Tak, Luke w ostatnim odcinku wjechał na pełnej, zupełnie jak to robił nieraz w Legendach. Tak, podobało mi się to. To były dla mnie najlepsze momenty z całego serialu. To tak.
Ale późniejszy dialog był fatalny. I co z tym fantem zrobić? Oj, jakby tu z tego wybrnąć? Pomożecie? Bo niby o to chodzi - trzeba to jakoś teraz wytłumaczyć? Analizować? Że przecież jak to się ma do TLJ, jak do TROS, co w końcu z tym Lukiem? I w ostatecznym rozrachunku ma wyjść, że ja, "legendziarz", jestem obłudnikiem?
xD
No to mam pytanie... Jeśli ktoś obejrzał TROS i nadal uważa, że wszystko tutaj powinno się jakoś spinać, a więc wszystko można analizować, powiązać, doszukiwać się sensu... to jakie TROS właściwie oglądał? Bo raczej nie tego samego film-potworka co ja.
Kiedyś na tym forum bawiłem się w analizy tego, czy Windu rzeczywiście pokonał Palpatine`a, czy też ten dał się pokonać, bo przewidział co nastąpi. Miało to wtedy sens, bo wiedziałem, że istnieje jakaś prawidłowa odpowiedź - u Lucasa i Stovera.
Kiedyś tak samo tutaj rozkminialiśmy o tym, kto inny mógłby być wybrańcem. Swoją drogą dzisiaj to już nie ma sensu Ale wtedy Lucas miał swoją wizję i to było jasne.
Natomiast na dzień dzisiejszy to nie wiem kogo należałoby pytać o zdanie? KK? Jar Jara? Riana? Jakieś inne propozycje? Ale przede wszystkim - PO CO? Jaki sens po TROSie ma rozkminianie takich rzeczy?

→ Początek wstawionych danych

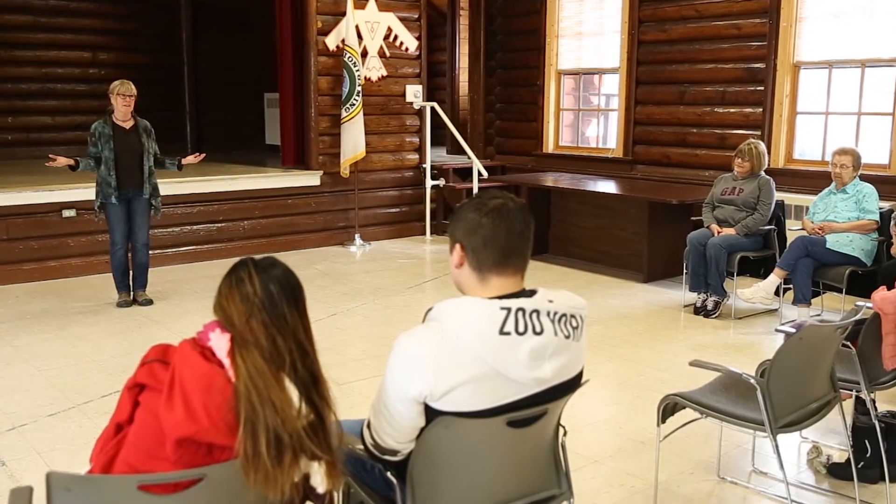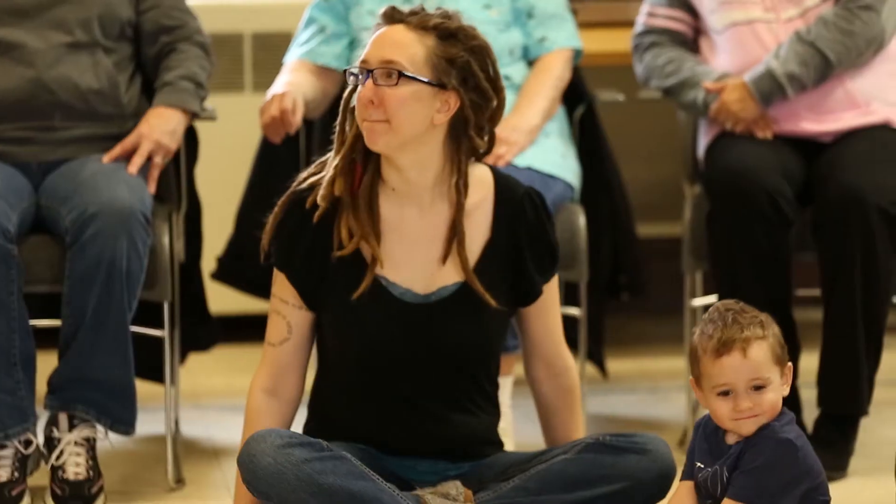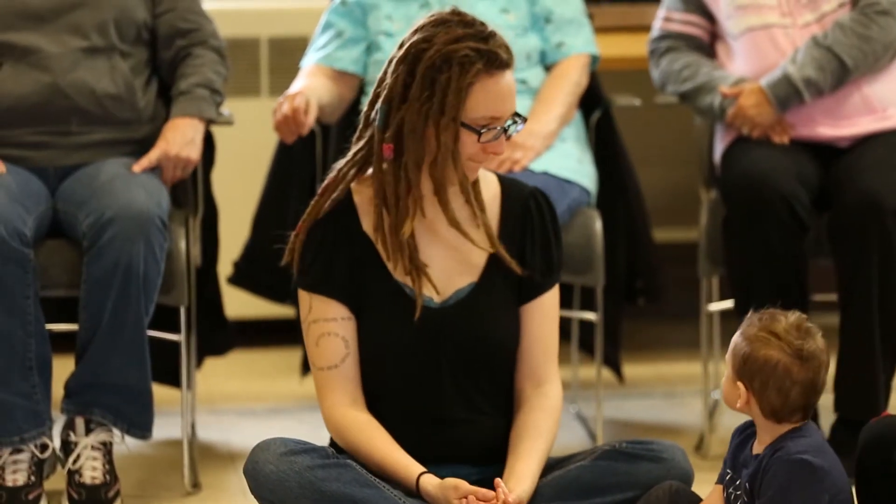I'd like for you, if you can, just to close your eyes and just notice how you're feeling. Notice what sensations you're feeling in your body and in your mind. And just take a deep breath in and out.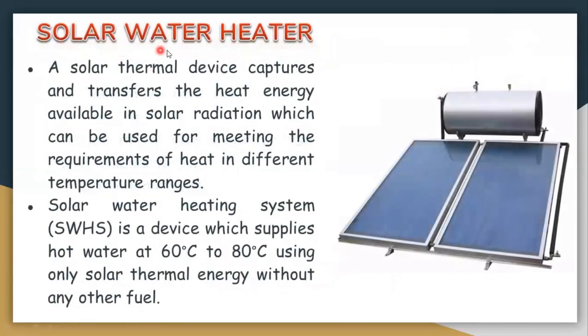Next is the solar water heater. A solar water heater consists of a storage tank and one or more flat plate collectors. A solar thermal device captures and transfers the heat energy available in solar radiation, which can be used to meet heating requirements across different temperature ranges.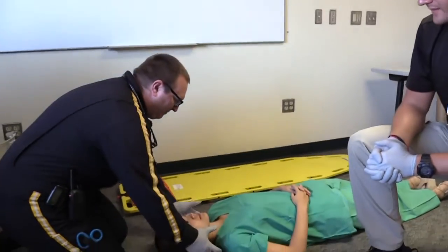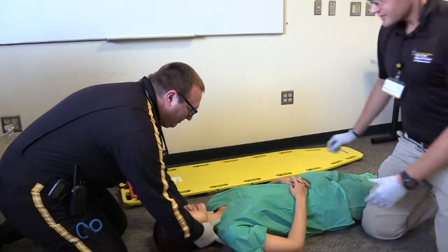When I determine the patient has a possible spine injury, I will direct my partner to take manual stabilization. This means my partner will move the patient's head and neck into a neutral, inline position, preventing extension, flexion, or rotation of the patient's head. My partner will hold manual stabilization until told to release.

Ten epizod przecież tylko obnażył, że nie było żadnej spójnej wizji na trylogię [tak, wiem, po Nowej Nadziei też nie - super ].

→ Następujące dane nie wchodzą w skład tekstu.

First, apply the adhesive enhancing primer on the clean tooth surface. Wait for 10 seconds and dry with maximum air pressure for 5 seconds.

Dlaczego więc ja mam się obrażać, że kolejni twórcy Disneya toczą ze sobą wojenkę? To chyba oni się powinni na siebie obrażać, hę? Ich problem. I w drugą stronę - dlaczego miałbym w tym radosnym bagienku doszukiwać się teraz nawiązań. Czekajcie, bo to jest ciekawe...

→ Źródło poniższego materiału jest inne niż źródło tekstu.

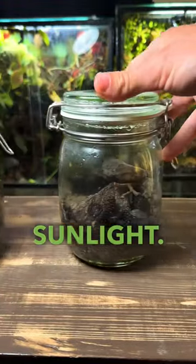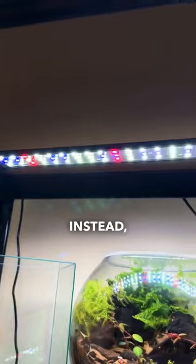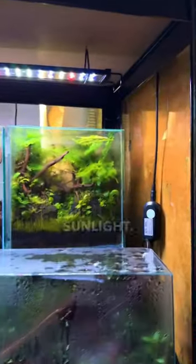Make sure you avoid direct sunlight. The intensified light and heat will leave your terrarium looking like this one here. Instead, place it under LED lights or in a bright spot in indirect sunlight.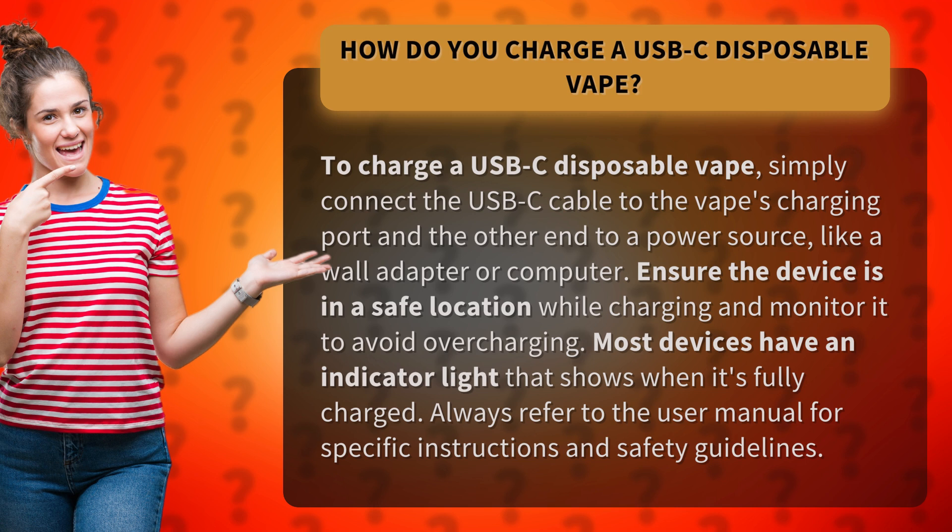Ensure the device is in a safe location while charging and monitor it to avoid overcharging. Most devices have an indicator light that shows when it's fully charged. Always refer to the user manual for specific instructions and safety guidelines.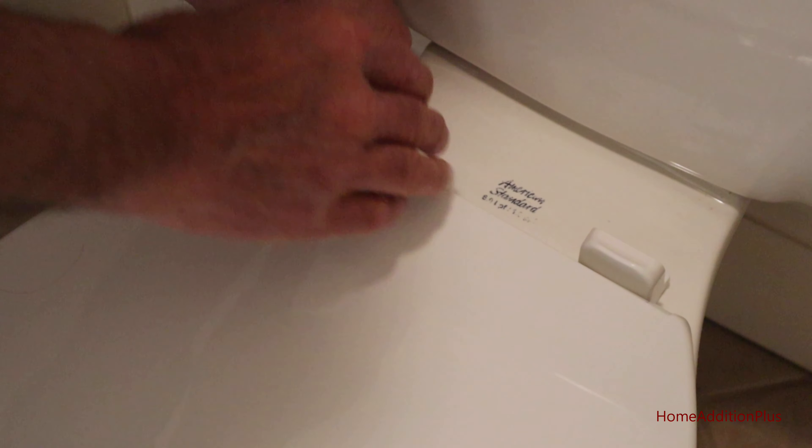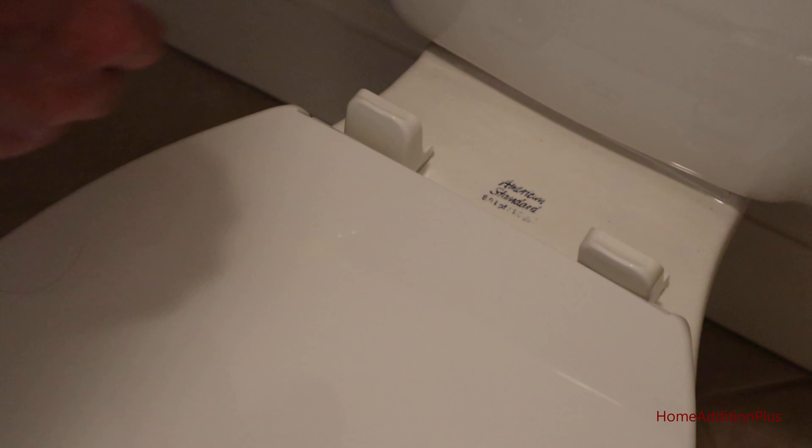And now to the second one. And there we go. With the new toilet seat cover I have to put these bumpers on. You just push them in and lock them in place.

Bo oto z jednej strony mamy ekipę TCW/Mandaloriana, która nie potrafi w dialogi. Z drugiej strony mamy buntownika Riana, który zrobił po swojemu, a później Jar Jar musiał po nim "sprzątać" i nie wiadomo teraz co należy przyjąć, a może wyciągnąć z tego jakąś średnią arytmetyczną? I uwaga... momencik... TAK! JEST! Mamy to...
TINDER: It`a a Match!
To się kurrrczę łączy. Filoni, czy tam ten grubcio z Marvela, wziął, usiadł i stwierdził, że to będzie zajebiście pasowało do Luke`a z TLJ. Nie żeby ten nieszczęsny dialog był efektem ich partactwa. ONI TO ZAPLANOWALI. #TAKBYŁO.
Te dwie rzeczy - kasacja EU i brak wizji/konsekwencji w nowym kanonie - to dwa dość spore powody zniechęcające do angażowania się tak jak dawniej. Czytacie te komiksy, książki, a w końcu i tak przyjdzie ktoś pokroju JJA i Wam na to nasra. Hej, czy to brzmi, jakbym był zgorzkniały (i wulgarny)? xD Zapewniam, że to po prostu logiczny wniosek z moich obserwacji. Wbrew pozorom nie umiejscawiam się w obozie hejterów Disneya. Sequele były fatalne, spinoffy dało się oglądać, tak samo serial. Może z tym czymś, co tam sobie hehe planują, też im wyjdzie, a może nie. Ale nie żeby NA PEWNO nie.
PS: uważam, że każdy fan sequelów powinien nosić Ottegana w avatarze.